I am a Republican because I believe in that dream, and I believe that we are the ones to keep it alive. Later this week we will nominate our leader. He is a man of proven courage. He showed his courage in the battlefield. He showed even greater courage in overcoming the wounds of war. He too has lived the American Dream.
My family began its American odyssey on the sidewalks of New York. His story began half a continent away. And yet it is a story with common threads. One that is shared in many ways by millions of Americans from every state, from every generation, and from every race and creed.
Our candidate’s life began in the wheat fields of Kansas where he was born to poor struggling parents who believed in him. The values they bred in him led him to a distinguished career that took him to the leadership of the United States Senate.
That’s where I met him. We worked together closely for years on matters that were vital to war and peace with respect to this nation. I worked with him closely when I was national security advisor and Chairman of the Joint Chiefs of Staff.
We could always count on him. I know this man.
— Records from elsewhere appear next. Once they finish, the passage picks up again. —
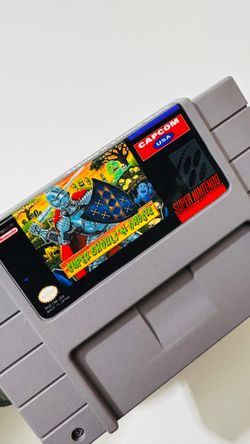 Super Ghouls N Ghosts For Super Nintendo SNES Game Cartridge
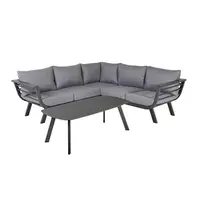 Gardenson TERASOVÁ SEDACÍ SOUPRAVA 3dílné, kov, plast, textil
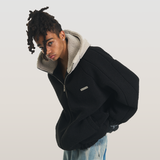RELABEL 23AW ラムズウールカラーブロックスラブジャケット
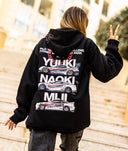 Womens World Time Attack Team Hoodie - Black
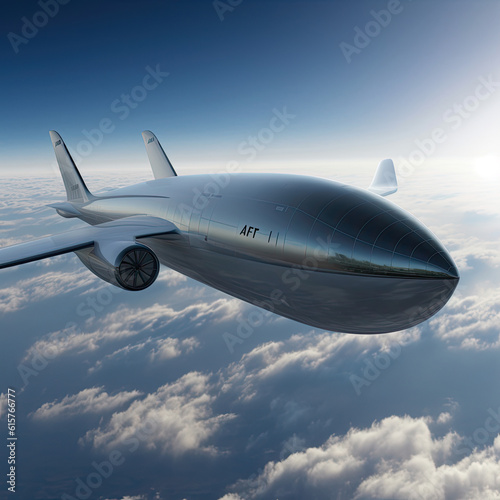 Future of air cargo transport  aerial transportation  Passenger Autonomous Aerial Vehicle AAV in sky   Generative AI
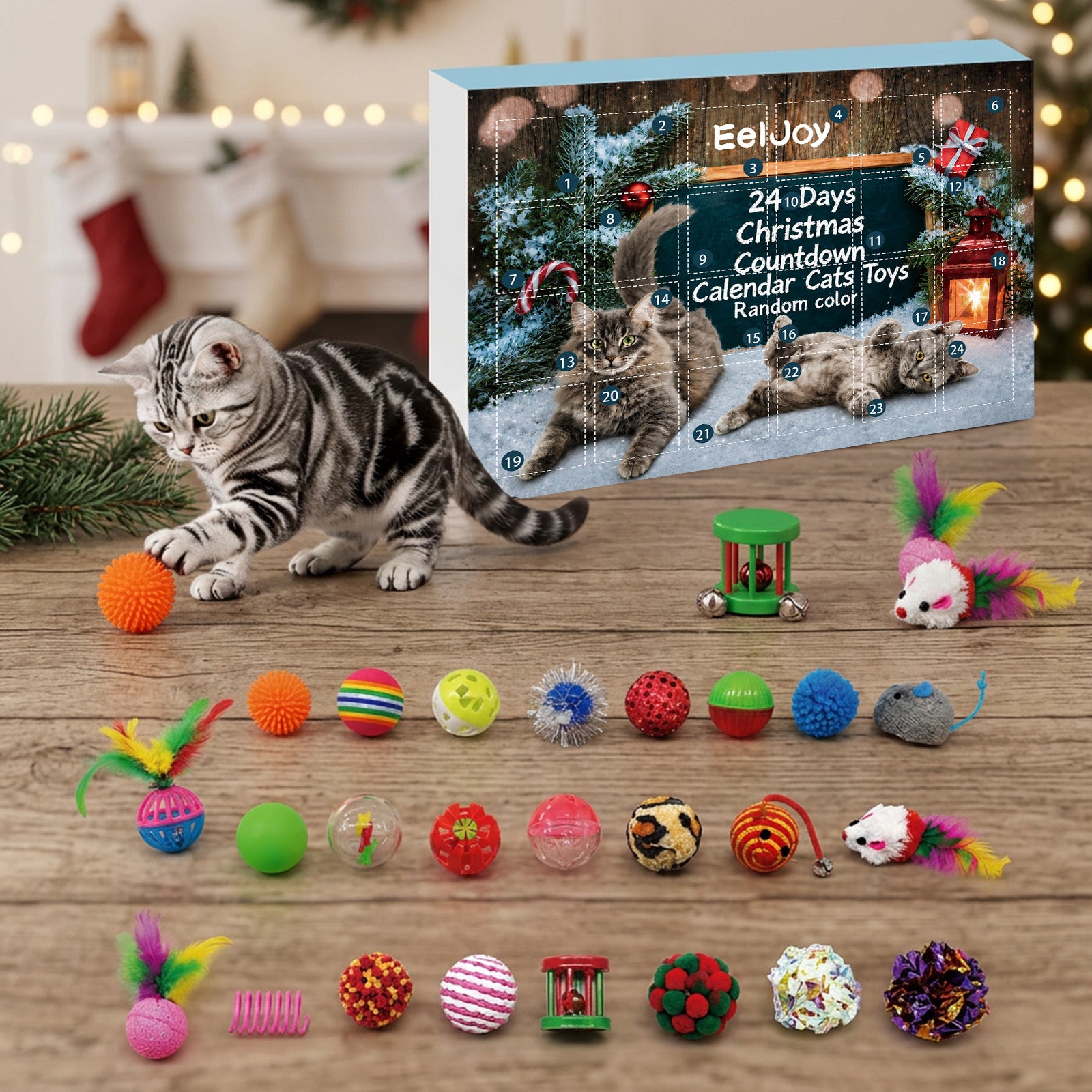 24-Day Christmas Advent Calendar Cat Toy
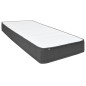 Boxspringbett Dunkelgrau Stoff 200x200 cm Boxspringbett Dunkelgrau Stoff 200x200 cm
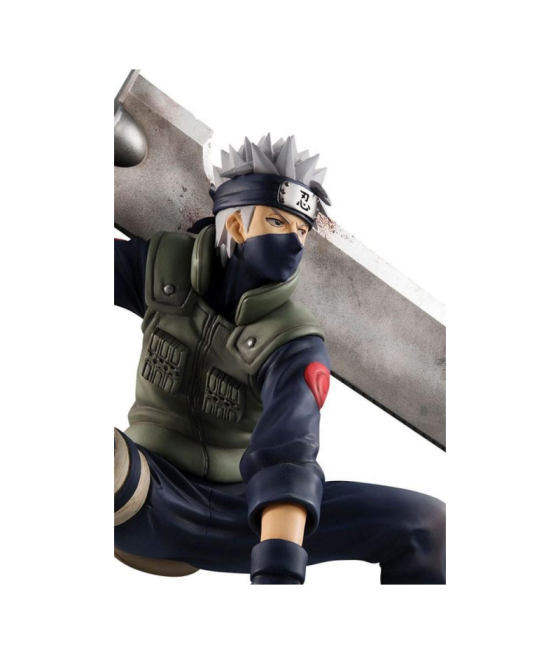 Figura megahouse gem series naruto kakashi hatake great ninja war 15th anniversary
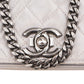 Chanel Aged Quilted Calfskin Coco Boy Single Flap Crossbody Bag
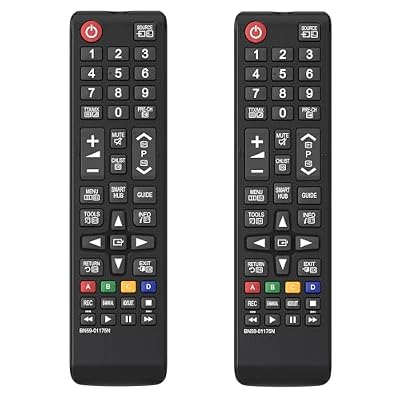 2 Pack Universal Remote for Samsung TV Remote, Replacement Compatible with All Samsung Smart TV LED QLED UHD LCD HDTV Frame Curved Smart TV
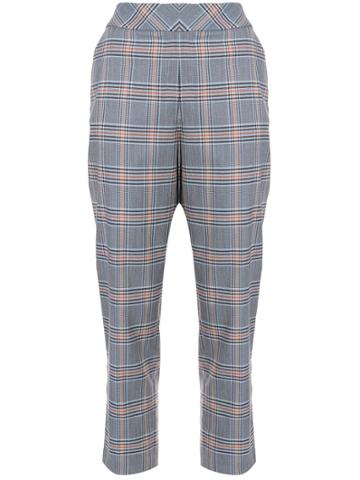 Dice Kayek Mid-rise Tapered Leg Suit Trousers - Blue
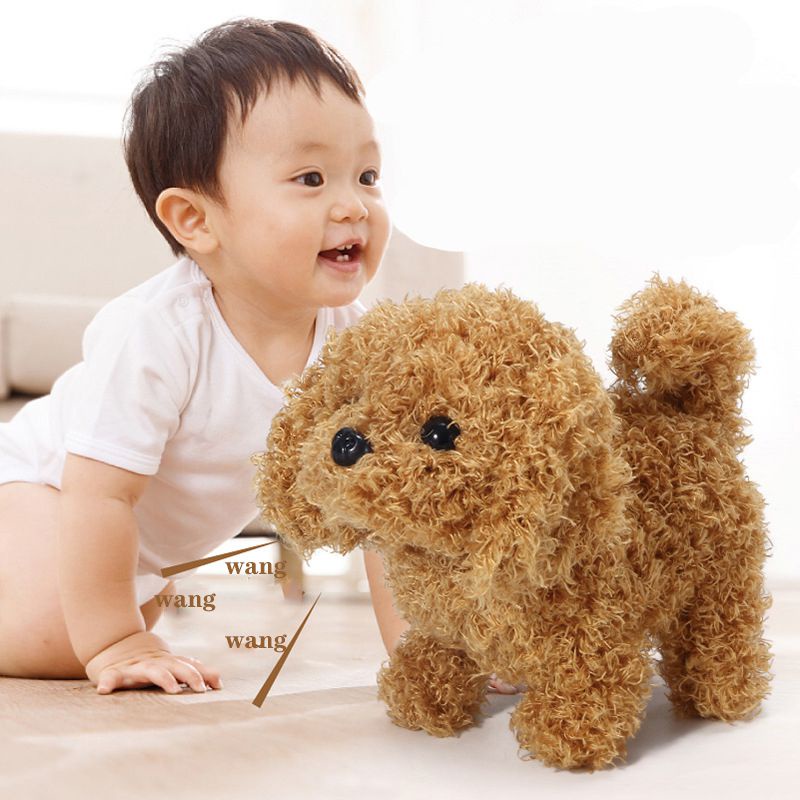 【COD】Electronic Robot Dog Lifelike Walking Barking Wagging Tail Puppy Plush Cute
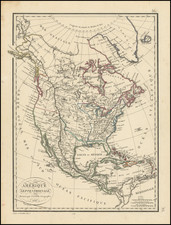 North America Map By Pierre Lapie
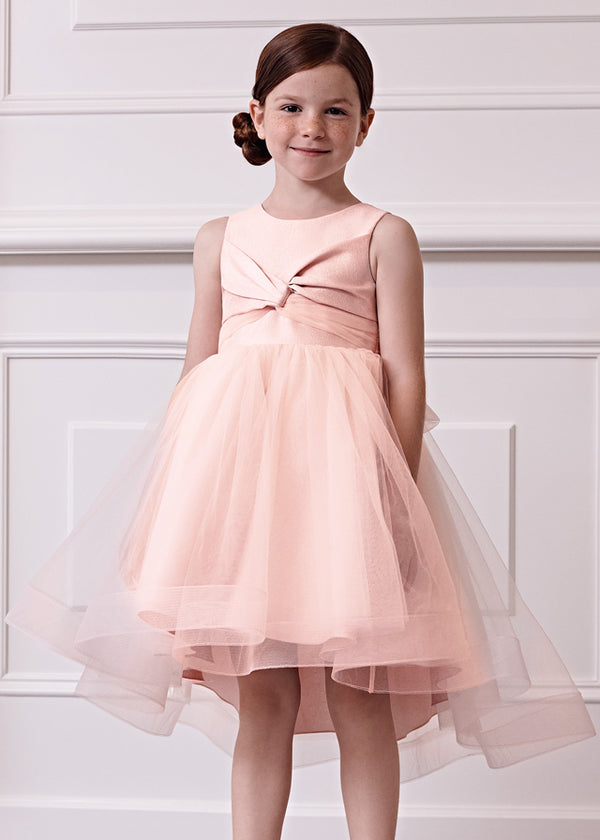 Girl Wearing Glitter Tulle Dress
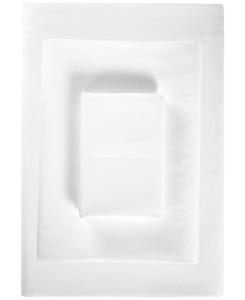 Комплект постельного белья из микрофибры Easy Care, 3 предмета, однотонный, размер Twin Macy's, белый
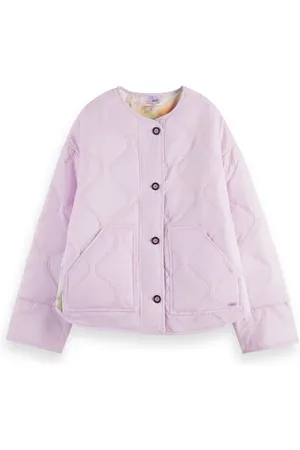 Scotch&Soda Quilted Reversible Coat Lavender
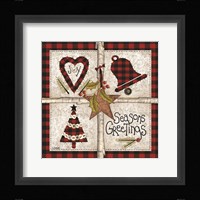 Four Square Seasons Greetings Fine Art Print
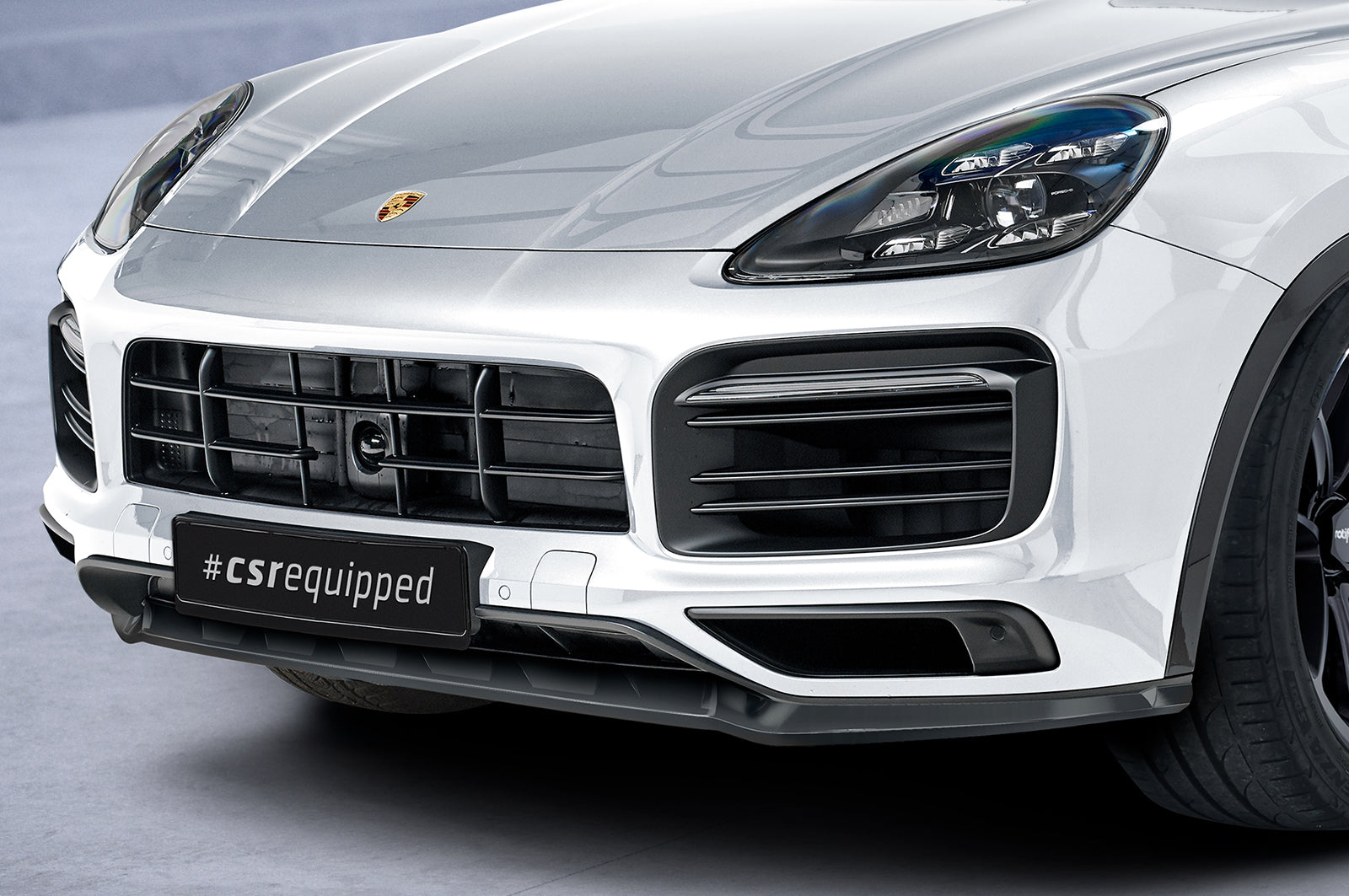CSR Frontspoiler | Cup-Spoilerlippe mit ABE für Porsche Cayenne P0536/9YA CSL576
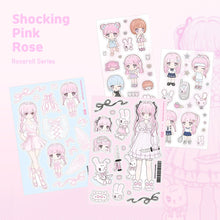 Load image into Gallery viewer, Shocking Pink Rose Sticker - Roseroll Series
In an era of too much salesmanship and too much smooth talking, Bob Dole is a plain-spoken man. He is a man of strength, maturity and integrity. He is a man who can bring trust back to government and bring Americans together again. He is a fighter possessed of endless energy, drive and commitment.
Bob Dole is the candidate most qualified by virtue of his beliefs, his character and competence to be the next president of the United States of America. And I want you to know how pleased I am, and how pleased I know you are, that Bob Dole had the great wisdom to pick as his running mate an incredible American, a man of passion and conviction, a caring man, my friend, your friend, Jack Kemp, the next vice president of the United States of America.
Yes, we Republicans have leaders and principles that are worthy of our aspirations. Let us take our case to our fellow citizens with respect for their intelligence and fair-mindedness. Let us debate our differences with the Democrats strongly, but with the civility and absence of acrimony that the American people long for in our political debate.
We stand, we stand on the eve of a new century. A new era, filled with change, anxiety, excitement and opportunity, is dawning. But many of the basic things — many of the most important things in our lives and in the life of our nation remain constant.
The pride of bringing home that first paycheck. The thrill you can’t help feeling each time the band strikes up the Star-Spangled Banner and another magnificent young American wins Olympic gold. The daily challenges and joys of raising a family. The tremendous ripple effect of family, friends, and neighbors cooperating in ways that make home, neighborhood and nation better places for us all. These are the things that remain constant. These are the things that unite us. There are other eternal truths, other eternal constants in our lives.
Our constant devotion to the principles of freedom, democracy and the free enterprise system. Our constant belief in the promise of this country, a country where the best is always yet to come. A country that exists by the grace of a divine providence. A divine providence that gave us this land, told us to be good stewards of it and to be good stewards of each other.
A land that God has truly, truly blessed and that we are proud to call America.